À quoi sert une ministre verte ?
À l’appel de la Grève du climat, un cortège de 1 500 à 2 000 manifestantEs a fait du bruit de la place du Château au parc Mon-Repos. « Nos vies et la planète valent plus que vos profits », « Holcim laisse béton », « Orchidées contre béton armé » ou, plus simplement, « Béton = caca » : les slogans ne manquaient pas le long du parcours allant du Conseil d’État vaudois au Tribunal fédéral. Béatrice Métraux, ministre – Verte, paraît-il – en charge de l’Environnement, affirmait il y a peu dans 24 Heures que la carrière ne perturbait pas ses promenades en forêt dans les environs du Mormont, puisqu’elle ne la voyait pas. Loin des yeux, loin du cœur ? Espérons que banderoles, pancartes et chants, sous ses fenêtres, lui auront rappelé qu’on ne fait pas disparaître les problèmes en se cachant derrière les arbres, ni derrière la sacro-sainte légalité.
Pareil pour le Tribunal fédéral, qui doit rendre dans les semaines ou mois qui viennent un arrêt crucial : le géant Holcim pourra-t-il étendre – encore une fois – le périmètre lui permettant de remplir ses fours ? Sachant que les prochaines extensions sont déjà prévues : dans quelques décennies, la colline du Mormont et ses orchidées sauvages ne seront qu’un souvenir.
Au-delà de la défaite
Deux autres décisions de justice ont fragilisé la ZAD, en la rendant expulsable dès le 26 mars du bâtiment occupé et à partir du 30 pour le terrain. Conséquence sur place, au fil des jours, les barricades ont gagné en hauteur, en longueur et en épaisseur.

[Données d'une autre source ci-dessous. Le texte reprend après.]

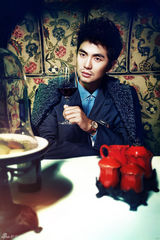 组图：张晓龙颓废复古风大片 展绅士成熟魅力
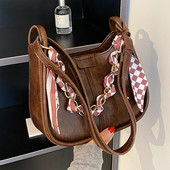 Rokassomiņa ar šalli un lielu rokturi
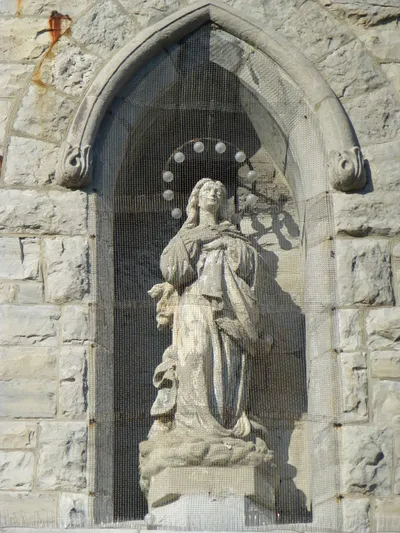 Statue of Our Lady.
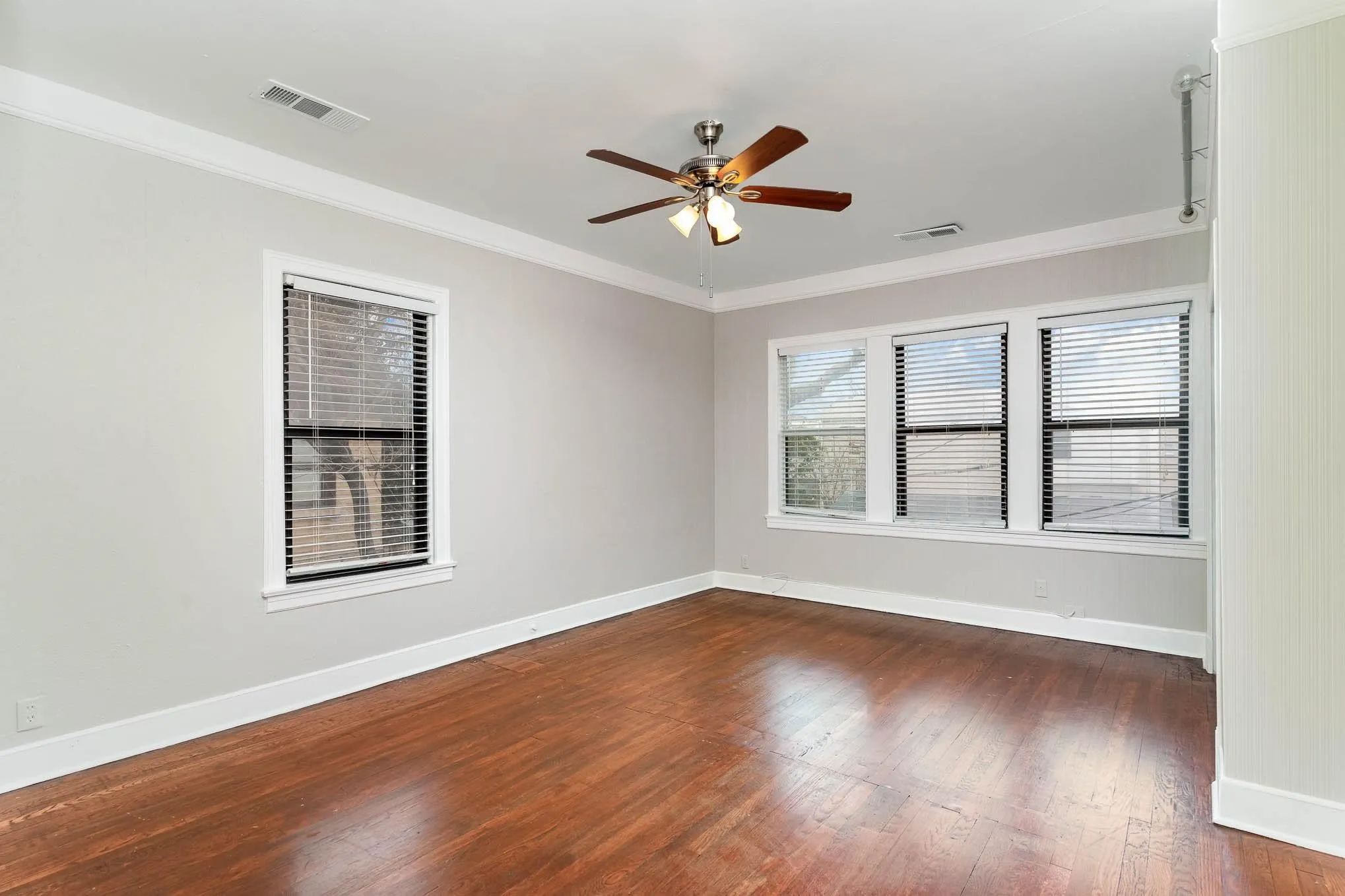 Duplex For Rent in Dallas County , 4008 Herschel Avenue, Dallas, Texas 75219, 2 Bedroom, 2 Bathroom, Garage spaces, 1,479 Sqft, built in 1949, mls#21378769, Real Estate Agent in Dallas, Homes For Rent in Dallas county, Homes For Rent in Dallas, Realtor in Dallas Texas, Real Estate Brokerage Independent Realty Texas, Luminita Cordes Realtor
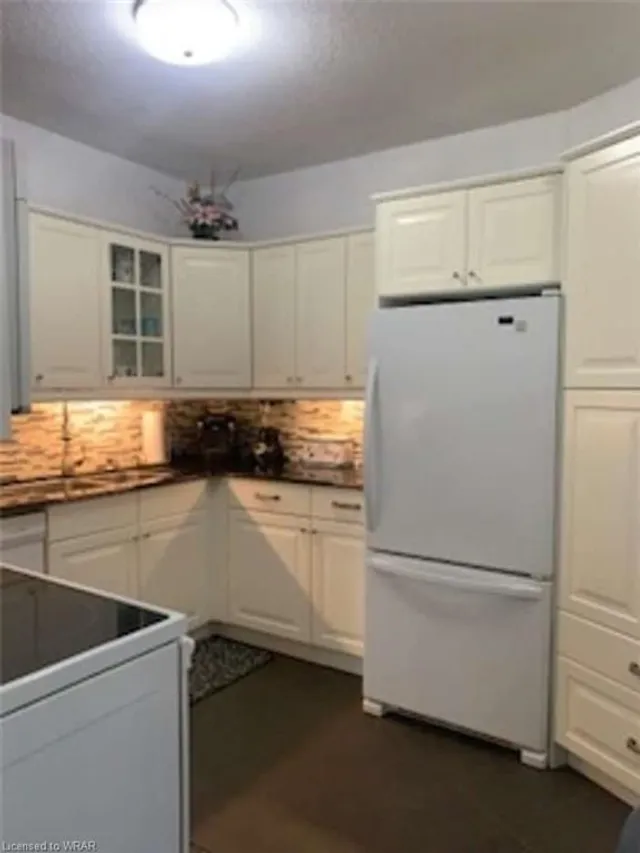 Additional image 25 of 5250 Lakeshore Rd Unit 201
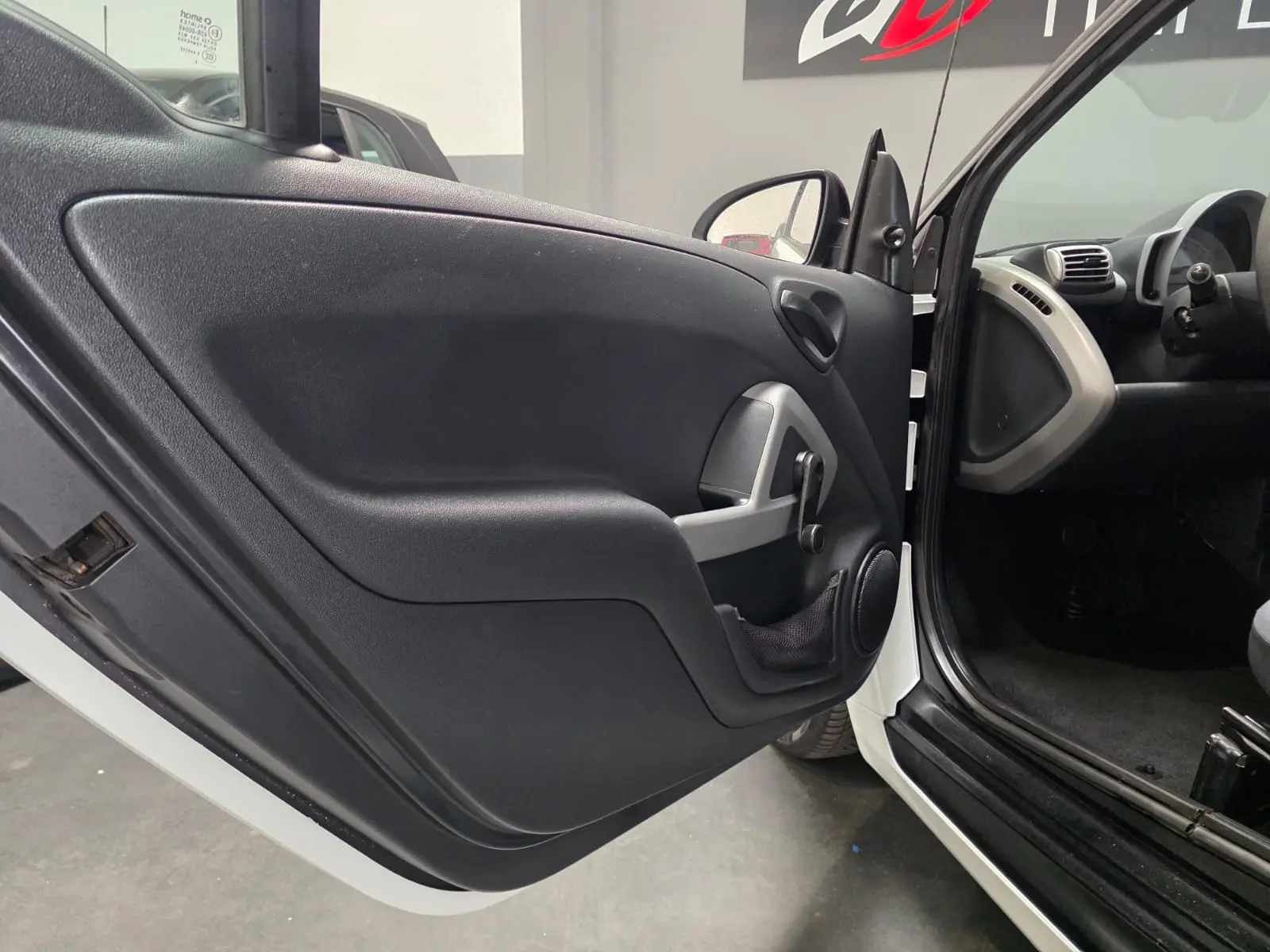 Smart ForTwo Coupé 0.8 cdi Pure 45 9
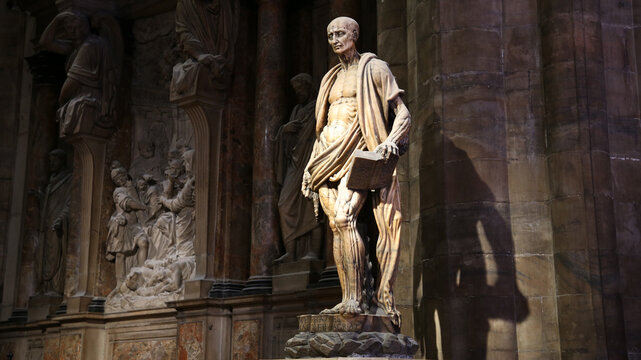 San Bartolom&eacute; desollado de Marco D'Agrate, Catedral de Mil&aacute;n, Bas&iacute;lica de San Ambrosio, Mil&aacute;n, Italia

Sur la route menant à la ZAD, aux textes poétiques inscrits quelques semaines plus tôt s’est ajouté un « No Pasarán » en lettres majuscules.
L’état d’esprit aussi avait changé, à l’approche de l’intervention policière. Après l’enthousiasme des premiers mois, les discussions laissaient transparaître de la tristesse et de la résignation. Un sentiment de satisfaction ressort malgré tout : d’avoir contraint les médias à s’intéresser au sort du Mormont, mais aussi d’avoir montré en actes que d’autres modalités d’existence, fondées sur l’horizontalité des prises de décisions, le partage des savoir-faire et l’apprentissage du commun, sont possibles.
Il suffisait de passer une heure sur place pour tordre le cou à pas mal de préjugés. Les zadistes sont certes une population majoritairement privilégiée, mais consciente de ses privilèges et des difficultés théoriques et pratiques de penser un autre monde sans oublier les contradictions de celui dans lequel nous vivons. Si les zadistes ont échoué à faire le lien avec les salariéEs de la cimenterie et les syndicats, c’est surtout faute de temps et de moyens humains. Dans sa liste de revendications publiée le 24 mars, la ZAD n’oublie pas les emplois liés à la présence de la carrière et souligne la nécessité d’un plan de reconversion.
L’expérience le montre, c’est sur le long terme que se tissent les liens, que s’affinent les projets politiques et que les mouvements de contestation gagnent en mixité sociale. Expulser la ZAD au plus vite était aussi un moyen pour Holcim et le gouvernement vaudois d’éviter ce genre de développement.